La Corte ha statuito che gli stati membri possano introdurre apposite denominazioni legali per determinati prodotti (come fatto dall’Italia, ad esempio, per panettone o prosciutto crudo), nel rispetto dei vincoli e della procedura definiti a livello europeo; ma, in mancanza di una denominazione legale, non possono impedire l’utilizzo di denominazioni “usuali” o “descrittive” attraverso divieti generali. Di conseguenza, non si può vietare l’uso di denominazioni provenienti dai settori della macelleria, della salumeria o della pescheria per descrivere, commercializzare o promuovere alimenti contenenti proteine vegetali.

Per la CgUe, pure in caso di sostituzione totale dell’ingrediente principale che ci si può attendere di trovare in un alimento designato con una denominazione “usuale” o “descrittiva” – ad esempio la carne per prodotti definiti come hamburger o polpette – i consumatori sono comunque tutelati sufficientemente dalle dettagliate informazioni fornite sulle etichette secondo le modalità prescritte dal regolamento n. 1169/2011.

Nella sentenza, la Corte valuta pure obiezioni scritte avanzate dal governo italiano. Secondo quest’ultimo, nomi che richiamino carne o pesce non dovrebbero essere usati per designare prodotti vegetali esattamente come per questi ultimi non può utilizzarsi la denominazione «latte» e altre riservate unicamente ai «prodotti lattiero-caseari».

Secondo la Corte, tali obiezioni non hanno fondamento: al contrario di quanto avviene per il latte, il diritto dell’Unione non prevede che certi termini provenienti dai settori della macelleria, della salumeria e della pescheria siano usati solo per prodotti alimentari di origine animale. Né come affermato dal governo italiano, vietare l’uso di una certa definizione per un alimento che non contenga un determinato ingrediente significa introdurre una denominazione “legale” di quell’alimento.

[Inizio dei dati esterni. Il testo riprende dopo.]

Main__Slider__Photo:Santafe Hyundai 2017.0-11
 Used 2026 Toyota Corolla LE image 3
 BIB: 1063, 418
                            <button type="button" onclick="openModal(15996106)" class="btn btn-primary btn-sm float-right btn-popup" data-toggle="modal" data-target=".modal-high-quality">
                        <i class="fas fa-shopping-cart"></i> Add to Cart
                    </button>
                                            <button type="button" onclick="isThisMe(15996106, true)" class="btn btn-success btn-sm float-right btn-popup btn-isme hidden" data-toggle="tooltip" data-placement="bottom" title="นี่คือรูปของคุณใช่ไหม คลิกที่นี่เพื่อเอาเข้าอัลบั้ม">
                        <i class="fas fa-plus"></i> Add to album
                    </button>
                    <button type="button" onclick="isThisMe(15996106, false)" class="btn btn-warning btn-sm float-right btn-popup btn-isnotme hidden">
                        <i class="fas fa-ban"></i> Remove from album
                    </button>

L’ostinazione di Lollobrigida

Lo scorso anno, durante l’iter di approvazione della legge italiana che, come detto, proibiva non solo la carne coltivatadivieto inutile, essendo tale carne già vietata, in quanto mai autorizzata in sede europea – ma anche il meat sounding, avevamo rilevato molti profili di illegittimità. Bastava un’analisi preventiva della regolazione e una valutazione di compatibilità con il diritto Ue per ipotizzare l’esito che poi si è verificato.

All’epoca, ci eravamo permessi di suggerire al ministro Lollobrigida di aspettare la pronuncia della CgUe, attesa entro qualche mese, per evitare la retromarcia sulla legge sulle denominazioni relative alla carne. Come spesso accade, i nostri consigli sono rimasti inascoltati. Con una nuova figuraccia per il ministro e, soprattutto, per l’Italia.